The example above shows how users can declare a simple statement like SELECT current_database() and then define connections to different databases. After that, with DECLARE statement, they can use one of the connections and execute the statement on that connection. This is very useful for applications that want to execute statements on different connections.

Data corruption

PostgreSQL now offers a few tools to provide users with ways to check if their database is corrupted, as well as some small tools to help users correct database corruption where possible.

The amcheck module now also provides a function that allows you to check heap pages.
Previously it only allowed you to check B-Tree index pages.
The command-line utility pg_amcheck was added, to simplify running contrib/amcheck operations on many relations.
It has a wide variety of options for choosing which relations to check and which checks to perform, and it can run checks in parallel.
The pg_surgery module was added, which allows changes to row visibility information.
This is useful for correcting database corruption, but if misused, it can easily corrupt a database that was not previously corrupted, further corrupt an already-corrupted database, or destroy data.

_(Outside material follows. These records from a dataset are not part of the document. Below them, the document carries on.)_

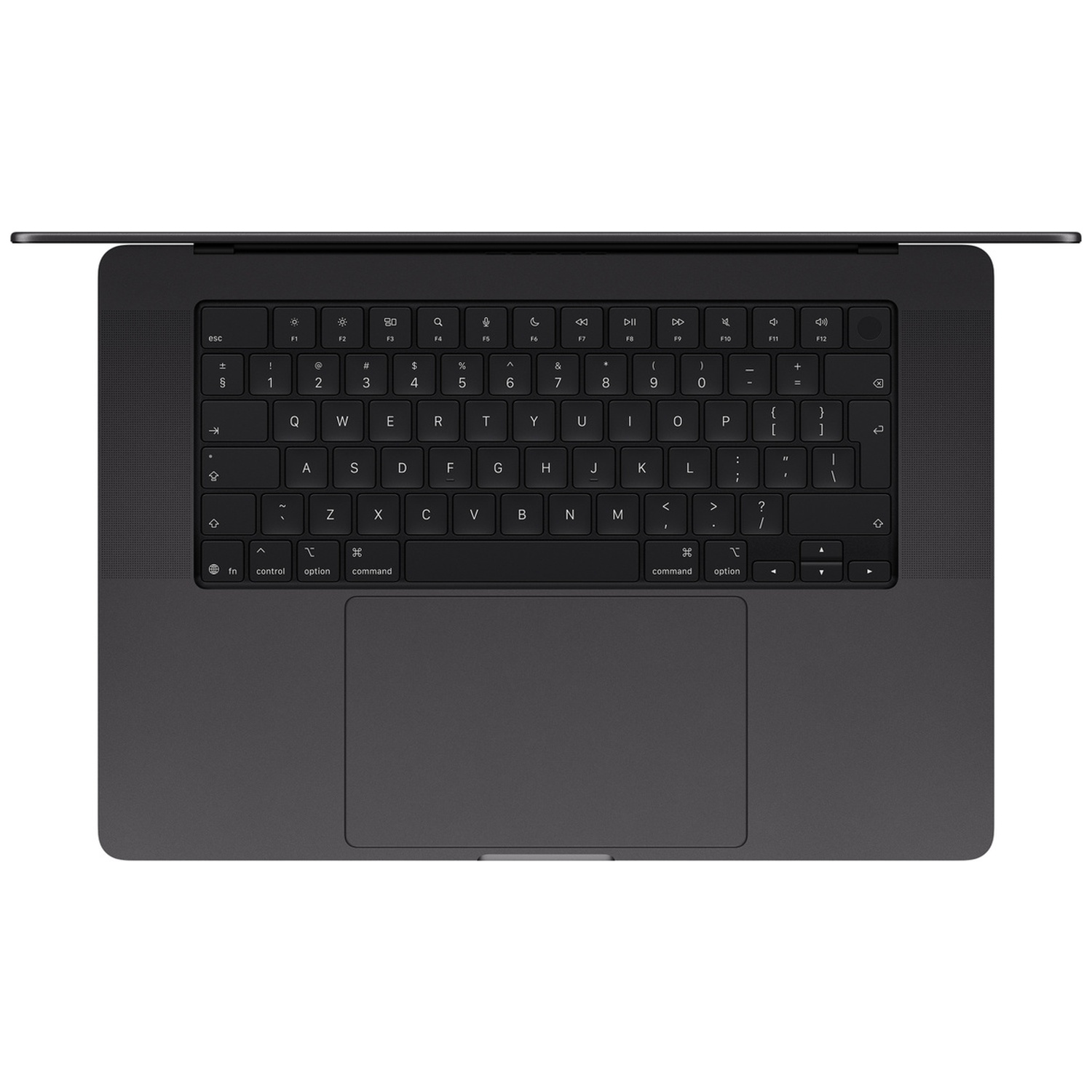 Bovenaanzicht van een donkergrijze laptoptoetsenbord en trackpad tegen een egale achtergrond.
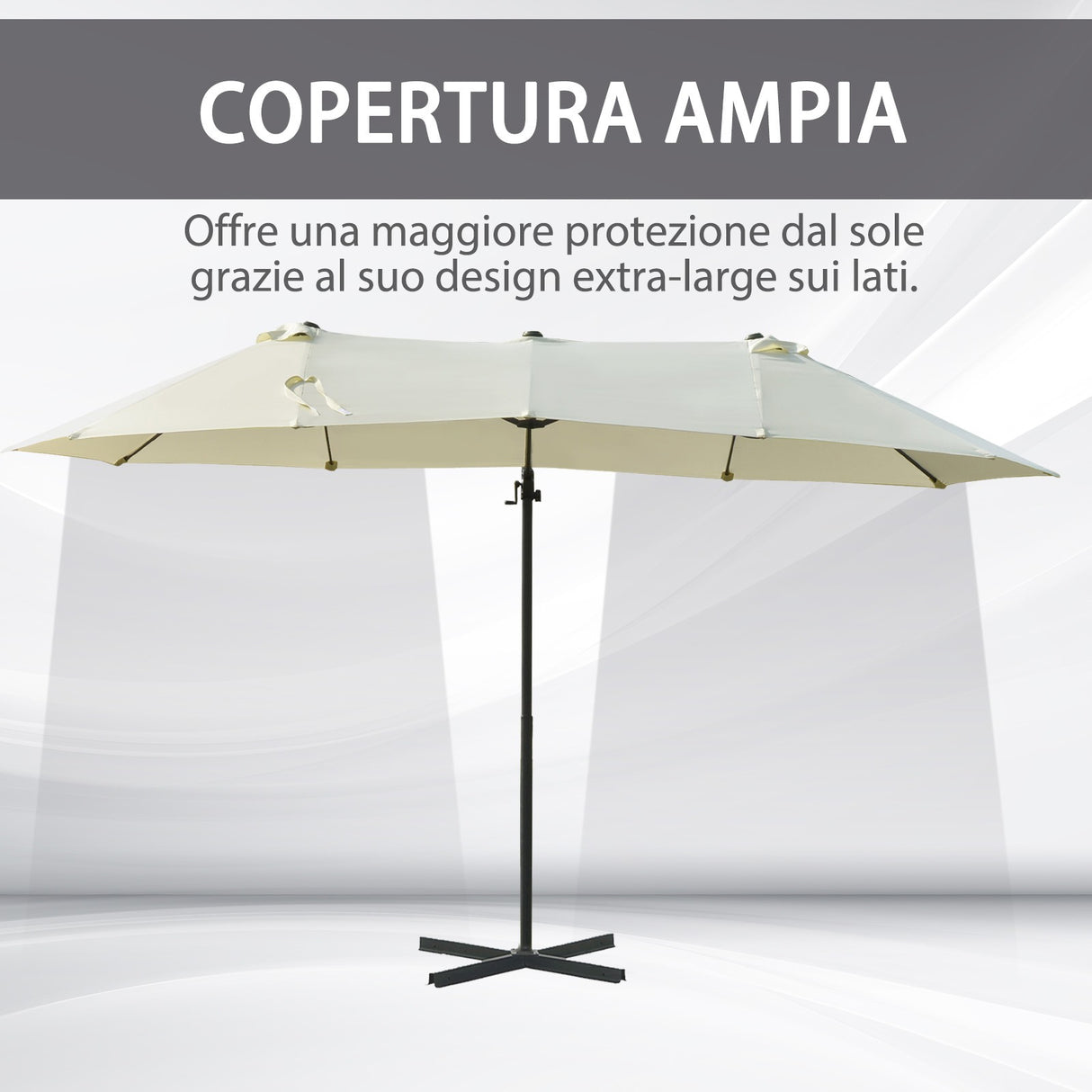 easycomfort easycomfort ombrellone doppio in acciaio e poliestere anti uv impermeabile 440x270x250cm beige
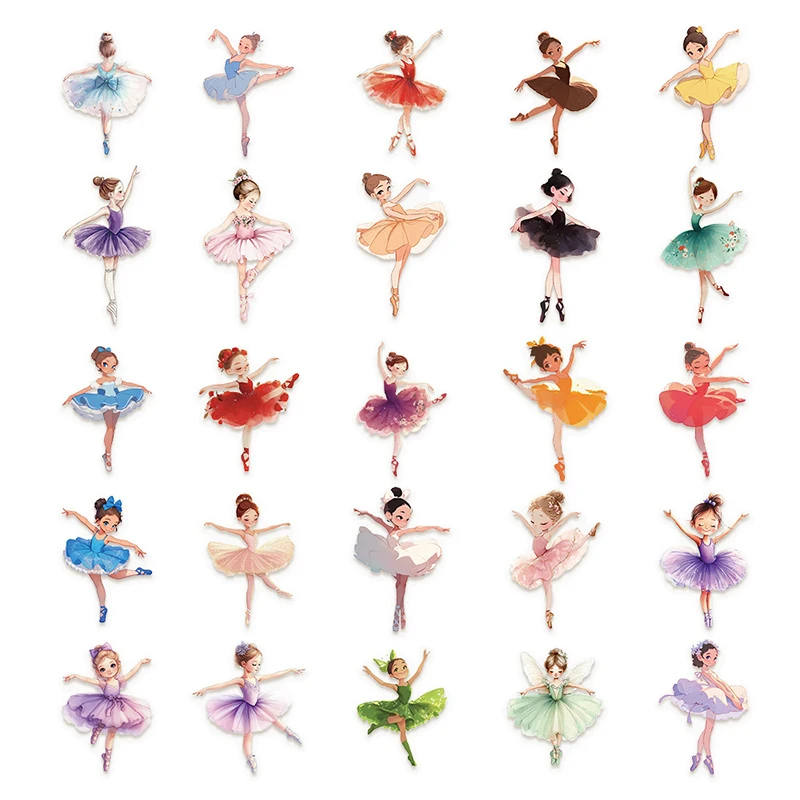 50 шт., красивая балерина для девочек, прозрачная наклейка, мультяшный танцевальный телефон, гитара, ноутбук, чашка для воды, украшение для скейтборда, граффити, наклейка
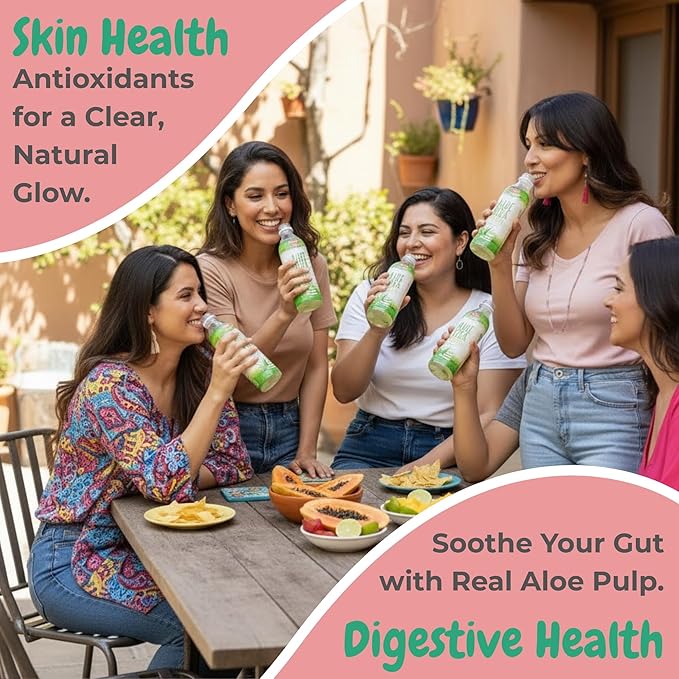 VISVITA Aloe Vera Juice with Real Pulp Variety Pack | Digestive Health Hydration &amp Energy Boost | No Artificial Colors 16.9 oz Original (5) Mango (5) Pineapple (5) Pomegranate (5) (Pack of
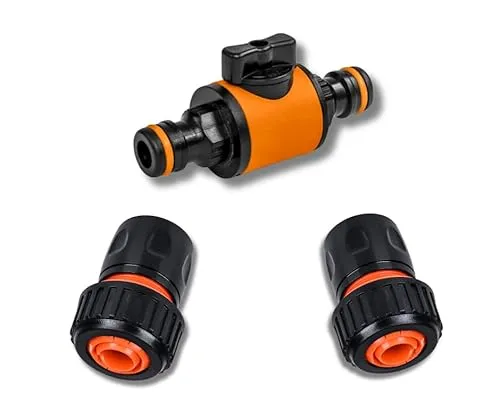 ABAZO Gartenschlauch-Anschlussnippel, Nippel mit Absperrventil, Regulierventil, Gartensprinkler, Nippel, Gartenschlauch-Schnellverbinder (3/4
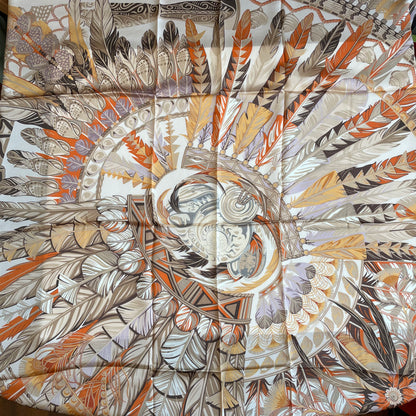 100% Pure Mulberry Silk Multicolour Handmade Large Silk Scarf 43"- The White Round Feathers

I want to emphasize that this tool must be used carefully, and only by users who understand what they are doing.

Indexing

Some GiST indexes can now be built by pre-sorting the data.
Pre-sorting happens automatically and allows for faster index creation and smaller indexes. This is currently supported only for point datatypes.
BRIN indexes can now record multiple min/max values per range.
- This is useful if there are groups of values in each page range.
- It allows more efficient handling of outlier values.
- It is possible to specify the number of values kept for each page range, either as a single point or an interval boundary.
  CREATE TABLE table_name (a int);
  CREATE INDEX ON table_name USING brin (a int4_minmax_multi_ops(values_per_range=16));
BRIN indexes can now use bloom filters.
This allows BRIN indexes to be used effectively with data that is not physically localized in the heap.
SP-GiST can now use INCLUDE'd columns.
This will allow more index-only-scans for SP-GIST indexes.
REINDEX can now process all child tables or indexes of a partitioned relation.
REINDEX can now change the tablespace of the new index.
This is done by specifying a TABLESPACE clause. The --tablespace option was also added to reindexdb to control this.

Extended statistics

The next area where PostgreSQL introduced enhancements is in extended statistics. This will help us obtain better statistics for the various kinds of queries where expressions are used, and will further help generate better query plans for such queries.

Extended statistics can now be used on expressions.
A simple example may look like this:

CREATE TABLE table_name (a int);
CREATE STATISTICS statistics_name ON mod(a,10), mod(a,20) FROM table_name;
ANALYZE table_name;

The collected statistics are useful, for example, to estimate queries with those expressions in WHERE or GROUP BY clauses:

SELECT * FROM table_name WHERE mod(a,10) = 0 AND mod(a,20) = 0;
SELECT 1 FROM table_name GROUP BY mod(a,10), mod(a,20);

This feature will allow better query plans when expressions are used in queries.
The number of places where extended statistics can be used for OR clause estimation has been increased.

Vacuuming

As with previous releases, we have also improved vacuuming in PostgreSQL, with various features in this release.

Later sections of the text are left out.